Pigweed Eng Blog #6: Shaping a better future for Bazel C/C++ toolchains#

Published on 2024-12-11 by Armando Montanez

Pigweed đź’š Bazel#

Not too long ago, the Pigweed team announced our transition to a Bazel-first ecosystem. You can read more about the decision in 0111: Make Bazel Pigweed’s Primary Build System, but the key takeaway is that we’re committed to making sure Bazel has a good story for embedded software development. There’s a surprising amount of history behind this, and I thought it’d be helpful to unpack some of our journey.

This blog post is the first in a series on getting Bazel to work well for embedded firmware projects, so keep an eye out for others that will come along.

First things first, we need a toolchain!#

Pigweed traditionally prioritized our GN build, and getting Bazel to work for embedded devices presented very different challenges. One of the first major differences between Bazel and GN is the experience of compiling a simple Hello, World! example. In Bazel, this “just works” out of the box for most major operating systems. With GN, you can’t start to compile C/C++ code without first defining the details of your toolchain such as which binaries to use, how to construct the arguments/flags passed to the tools, and which specific flags to pass, so we were forced to learn those intricacies right out the gate.

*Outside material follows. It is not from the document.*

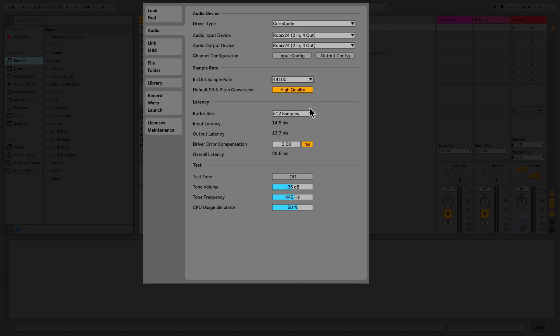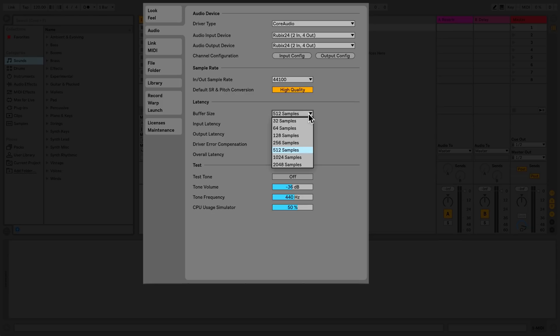And in the third section, using the chooser, I can change the latency buffer size. The buffer size determines how responsive Live is when processing audio. Lower latency values allow for a lower overall latency in Live, but at the cost of a higher CPU load. The default is 512 samples, but I'll set it to a lower value.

Problems with Bazel’s default toolchain#

For a long time, Pigweed relied on Bazel’s default toolchain, primarily because Pigweed’s Bazel build mostly just existed for interoperability with Google’s internal codebase. Bazel’s default C/C++ toolchain is not hermetic, and its behaviors are auto-generated in a way that is very unintuitive to inspect and debug. Because we weren’t defining our own toolchain, we regularly hit several major issues:

  • Builds used binutils/gcc rather than our preferred llvm/clang toolchain.

  • CI builds and local builds were inconsistent; just because builds passed locally didn’t mean the same build would pass in automated builds.

  • All flags had to be passed in via the command line or pushed into a .bazelrc file.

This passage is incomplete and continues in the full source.